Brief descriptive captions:
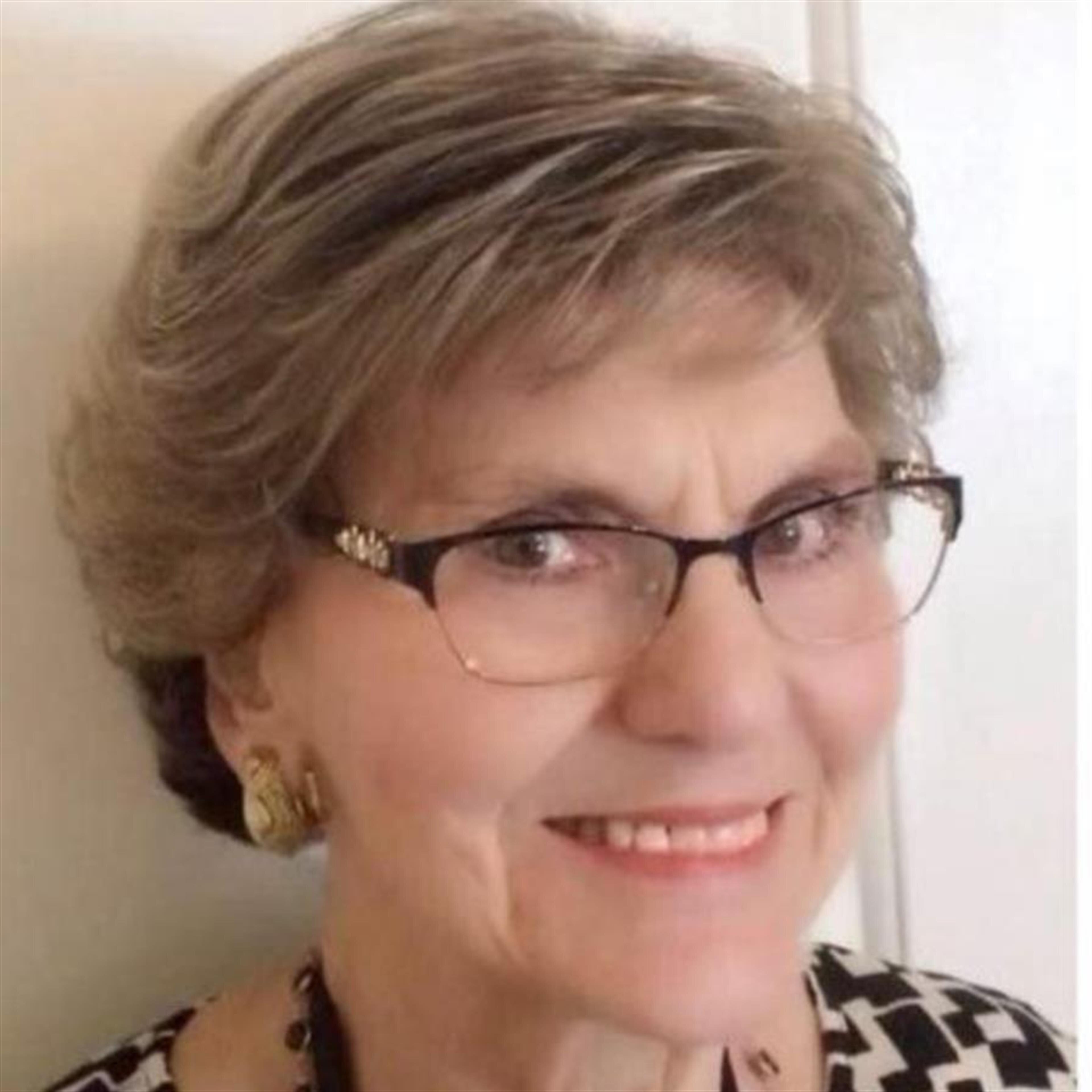 Marolyn J Heidecker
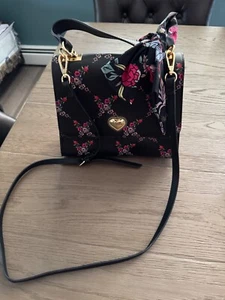 Bandolera de mano floral Betsy Johnson - Imagen 1 de 7
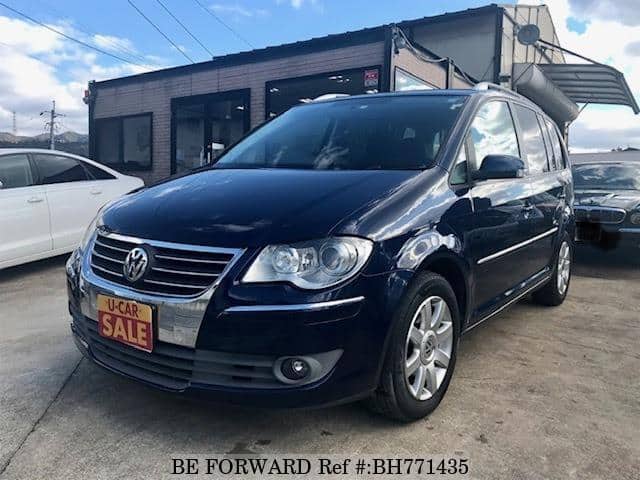 VOLKSWAGEN Golf Touran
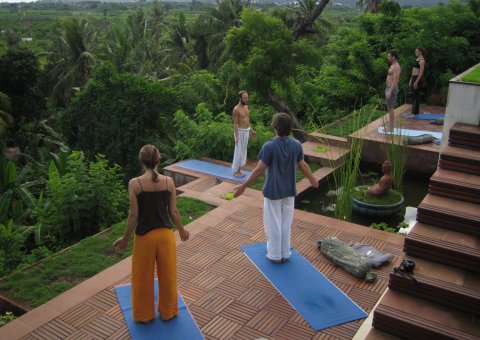 Üben Sie mit einem wunderschönen Blick Yoga im Zen Resort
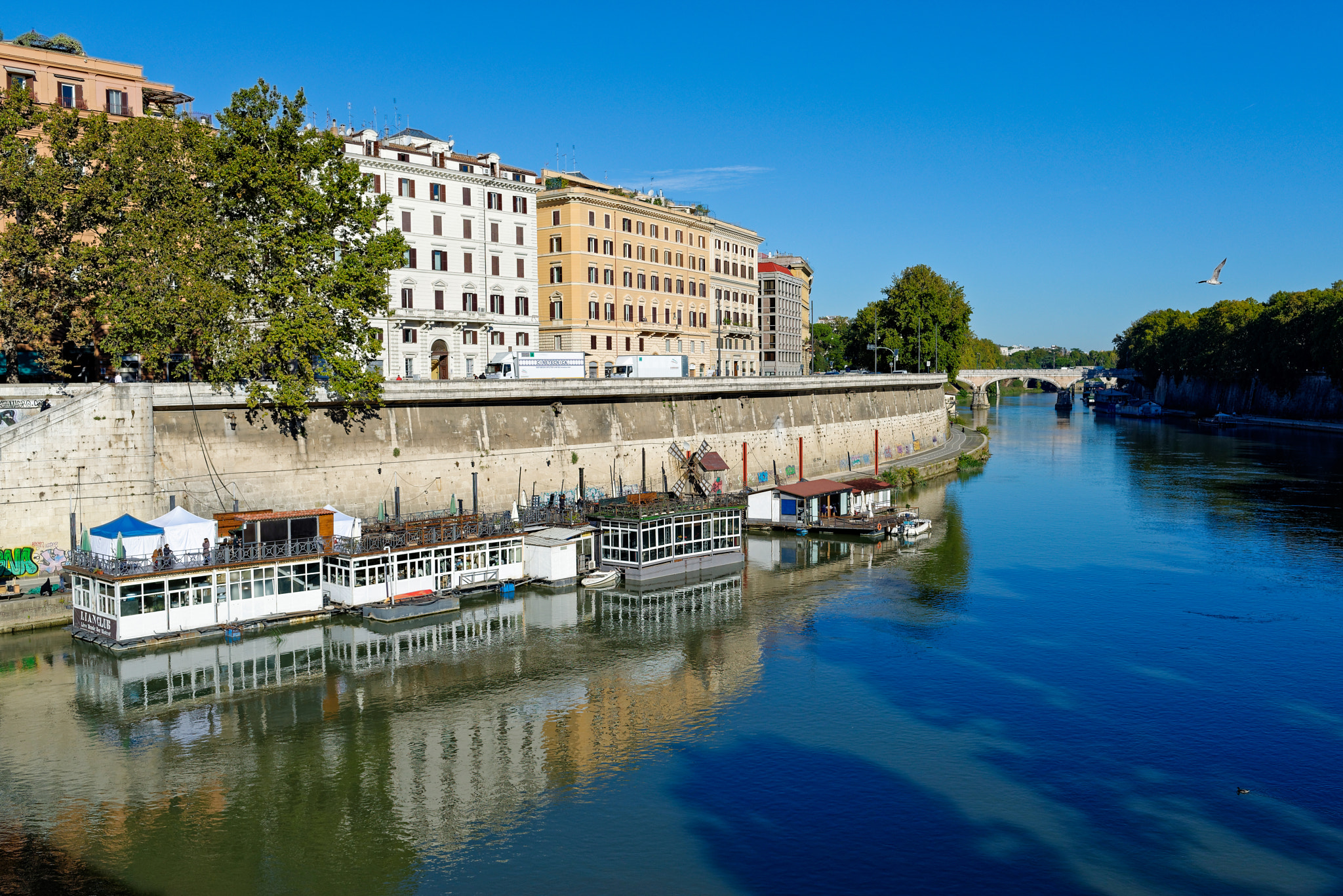 Nikon AF-S Nikkor 35mm F1.8G ED sample photo. Along the tiber in roma photography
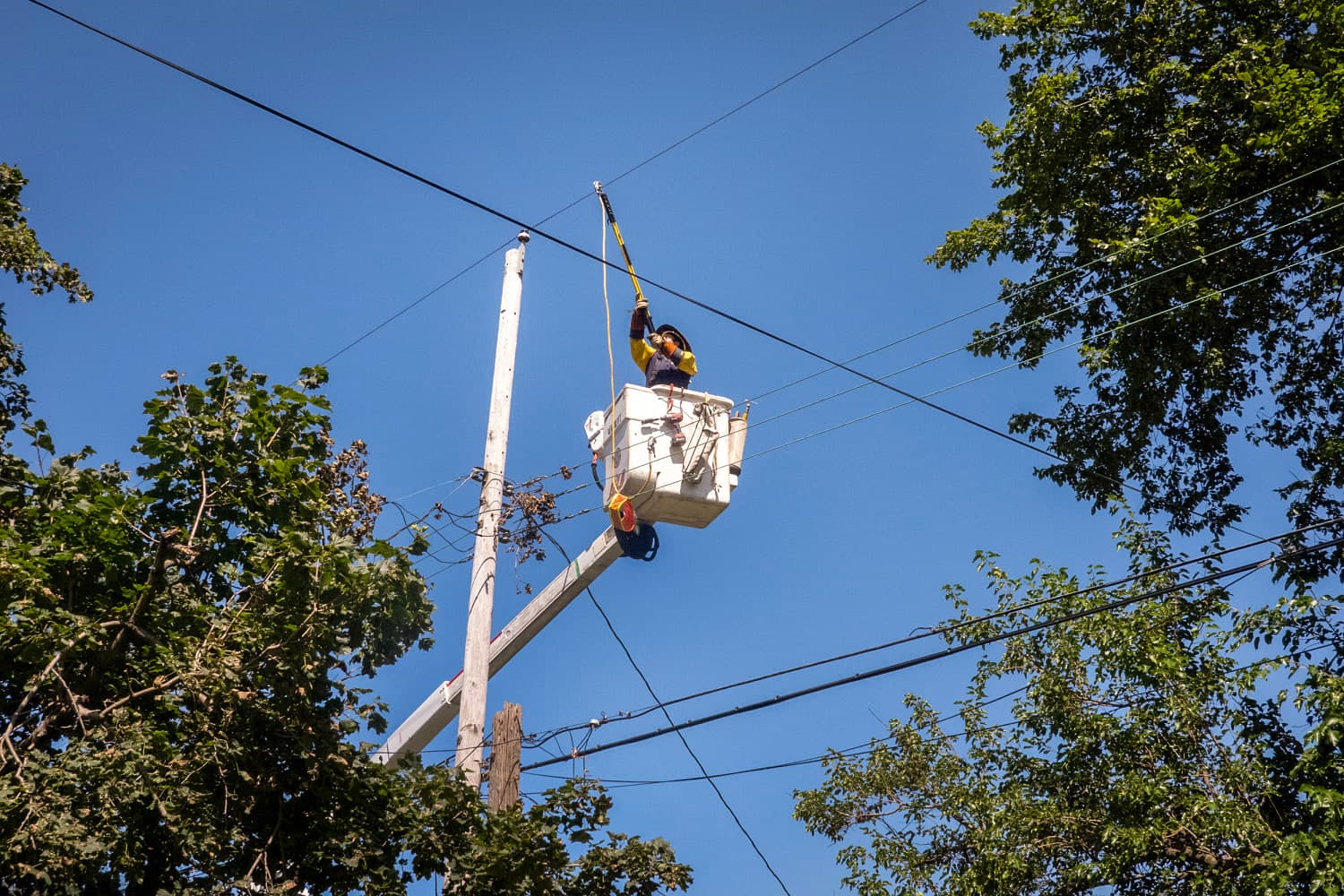 Some homes and businesses in Gary, Indiana, still without power 13 days after storms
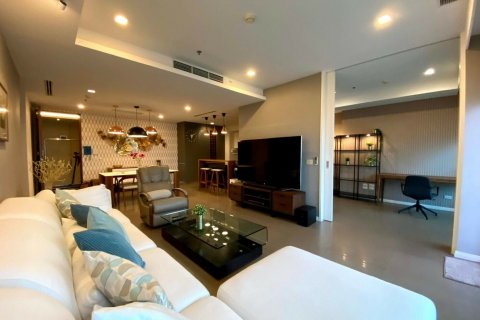 Condominio de 2 dormitorios en Khlong San, Bangkok, Tailandia № 138099 - foto 15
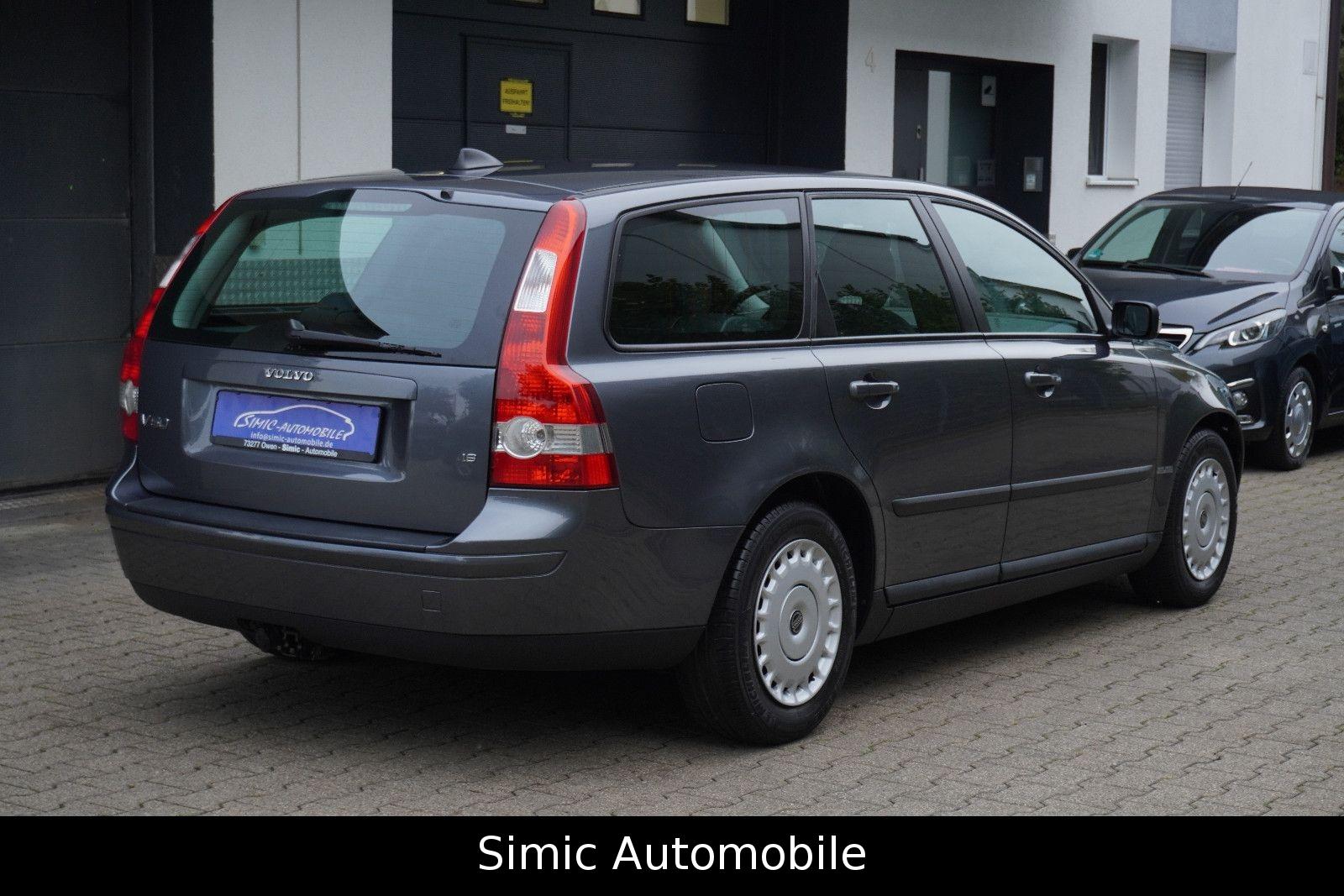 Volvo V50 2005 — photo 26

- INSTRUCTIONS FOR THE TASK
All the records above need to be given again word for word. Skip the pictures.

- YOUR SOLUTION
 Marolyn J Heidecker
 Bandolera de mano floral Betsy Johnson - Imagen 1 de 7
 VOLKSWAGEN Golf Touran
 Üben Sie mit einem wunderschönen Blick Yoga im Zen Resort
 Nikon AF-S Nikkor 35mm F1.8G ED sample photo. Along the tiber in roma photography
 Some homes and businesses in Gary, Indiana, still without power 13 days after storms
 Condominio de 2 dormitorios en Khlong San, Bangkok, Tailandia № 138099 - foto 15
 Volvo V50 2005 — photo 26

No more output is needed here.